Sisanya kami akan bolak balik saling mengingatkan, “Soulmate itu bukannya ditakdirkan bersama?” Lalu dari situ, seringnya diskusi akan berlanjut dengan menelusuri–atau lebih tepatnya mengenang–pengalaman sekali seumur hidup masing-masing menemukan the-rare-kindred-spirit. Tak akan habis pembahasan. Bisa jadi berbelok ke masa-masa di Bandung yang cukup kelam sekaligus mengubah hidup. Cerita tentang pernah makan nasi bungkus berdua karena sisa uang sudah mulai menipis. Kisah tentang pertengkaran paling parah dalam sejarah––waktu itu saya mengusirnya dari rumahnya sendiri, cukup absurd kalau dipikirkan lagi jernih-jernih. Berlanjut ke sebuah kenangan pertama kali kami bertemu, yang ternyata dimulai jauh lebih awal dari momen resminya sendiri.
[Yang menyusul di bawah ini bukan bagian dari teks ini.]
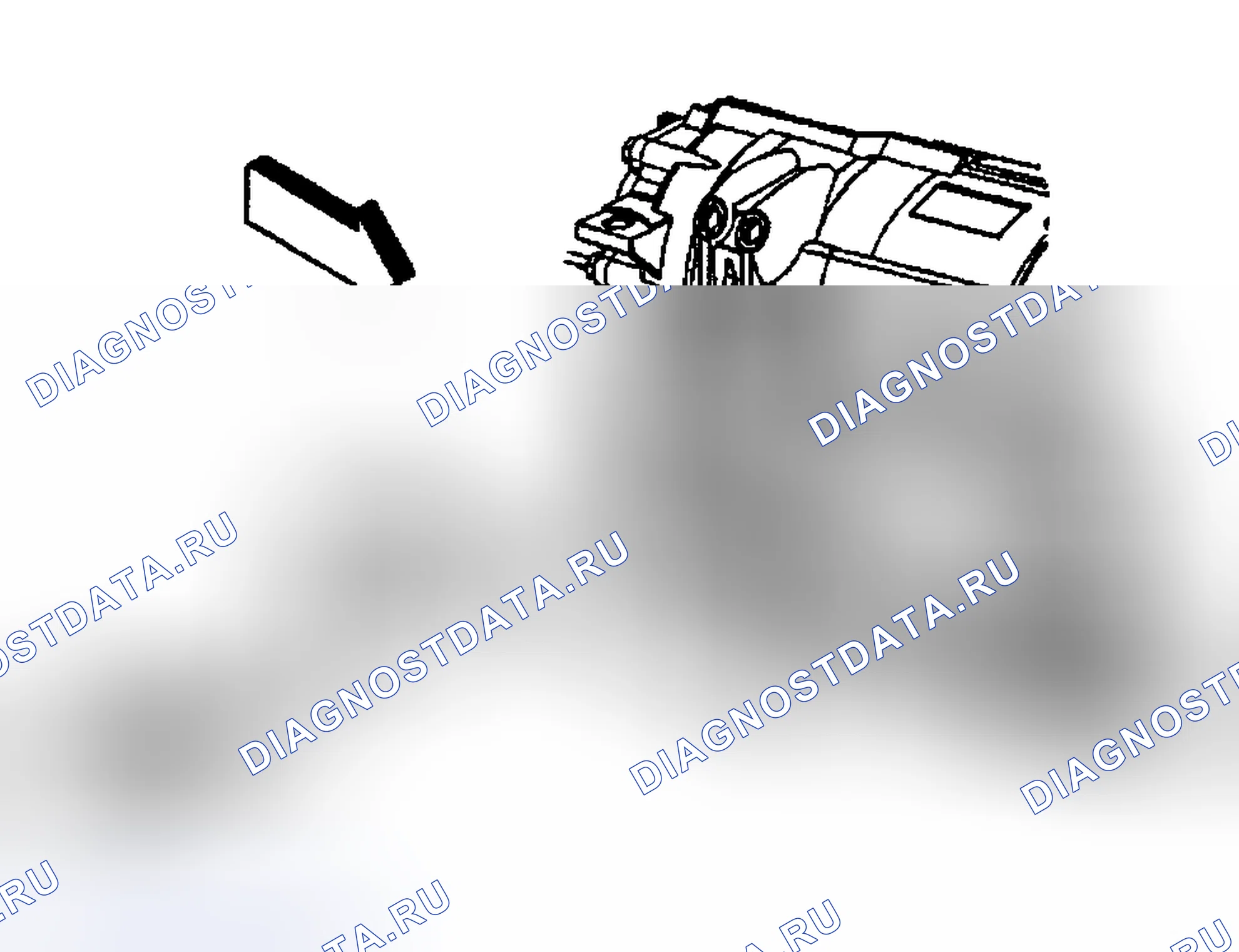 Рис. 624. GMC Cab & Chassis Sierra 3500 GMT800 early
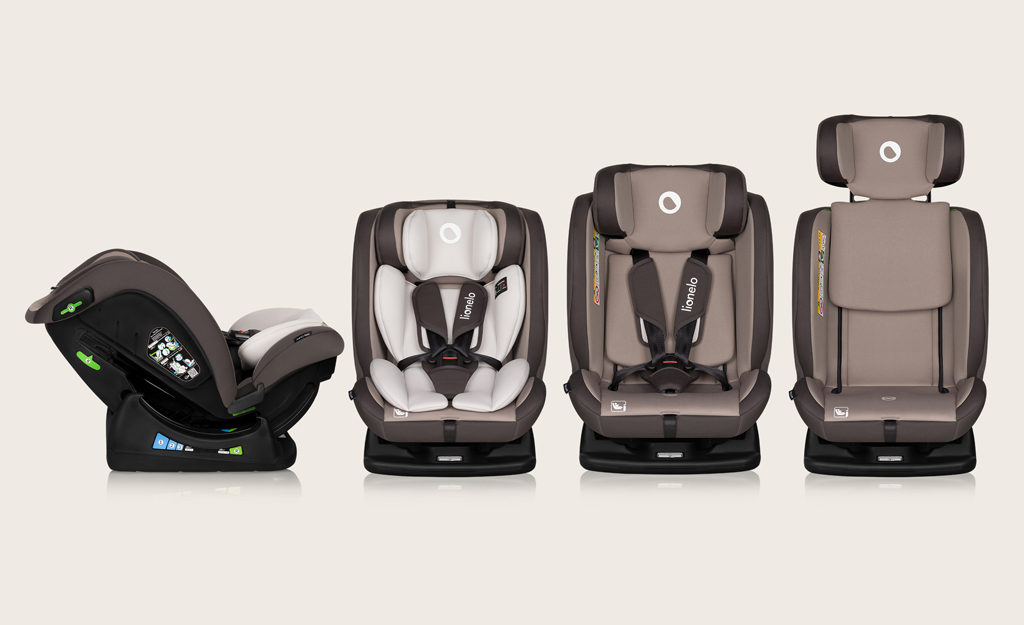 LIONELO Autosedačka Aart i-Size (40-150 cm) Beige Latte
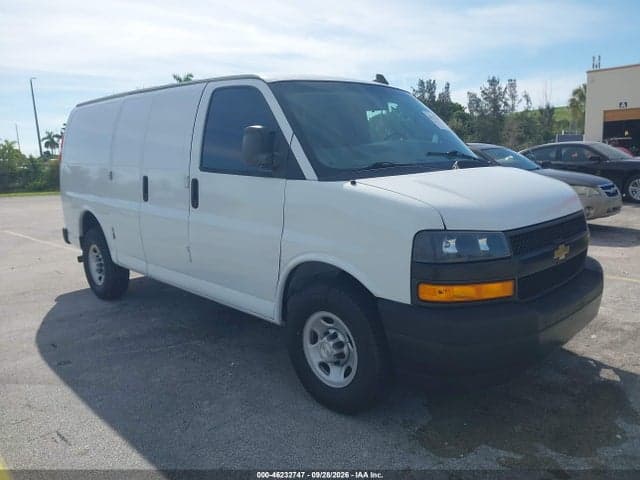 2021 CHEVROLET EXPRESS CARGO RWD 2500 REGULAR WHEELBASE WT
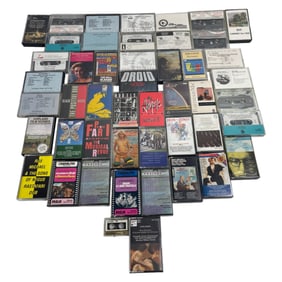 Cassette Tape Collection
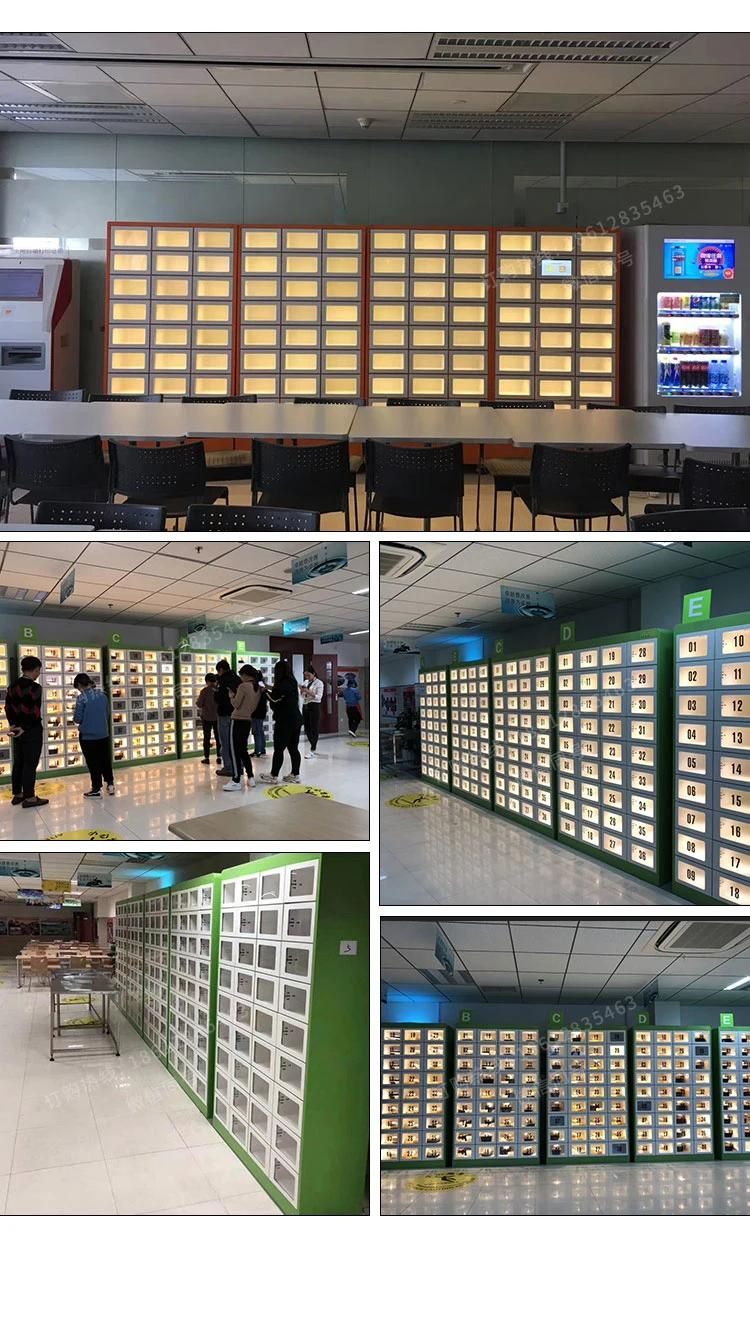 Transparent Heated Food Takeaway Cabinet for Hospitals and Schools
Seringkali kami juga memikirkan, “Kenapa tidak ada yang romantis di Jakarta?” Pertanyaan yang sebenarnya lebih berupa keluhan. Sebuah ketidakpuasan akan bagaimana pada akhirnya kami menghabiskan begitu banyak energi, untuk mencoba menjalani urusan-urusan yang tidak lagi melibatkan hati. Kemudian kami akan melontarkan teori-teori omong kosong tentang passion, determinasi, kemapanan, hingga ketuhanan yang tak sesuai kenyataan. Toh akhirnya kami pasrah menjalani keseharian yang begitu-begitu saja. Bahkan seringnya berjauhan, terpisah dunia pekerjaan. Tidak bisa selalu saling mengingatkan kalau hidup perlu di-pause sesekali, untuk pencet tombol play pada pemutar musik, dan lalu menari kecil tanpa konteks yang jelas.
Katanya itulah bagaimana manusia beranjak dewasa, menua dalam konsep umur. Mulai melupakan hal-hal kecil yang menghangatkan hati, karena terlalu sibuk memikirkan keduniaan yang seringnya membuat rasa jadi kelewat beku. Mulai menghiraukan uniknya ritme nafas sendiri, terengah-engah karena tidak sadar ikut arus yang dibuat orang lain. Mulai menidurkan pikiran-pikiran intens yang menggerakkan jiwa, atas nama hidup yang memaksa terus bangun meski tanpa idealisme. Mulai bergerak berlawanan arah, demi berlari menemukan tujuan yang tidak kunjung jelas ujungnya.
Mungkin salah satu dari semua hal di atas, atau perpaduan semuanya, yang menjauhkan kami dari kegemaran kami akan obrolan setengah empat pagi. Namun kalau memang itu arti menua, saya paham kenapa dari dulu kami selalu menolak menjadinya.
***
Dalam sebuah kesempatan akhirnya kami berhasil mengetahui, orang buta bermimpi tidak melalui apa yang pernah dilihat, tapi lewat apa yang didengar dan dirasakannya. Sebuah jawaban yang melegakan. Terbukti secara ilmiah kami tidak tahu pasti, yang jelas mengetahui siapa saja bisa merasakan sensasi mimpi itu lumayan mengangkat beban pikiran.
Sebelumnya saya akan sengaja mengalihkan fokus dengan pertanyaan lain yang lebih mudah dijawab, “Mau pesen mekdi nggak?” Di tengah obrolan setengah empat pagi? "Iya. Kenapa nggak?"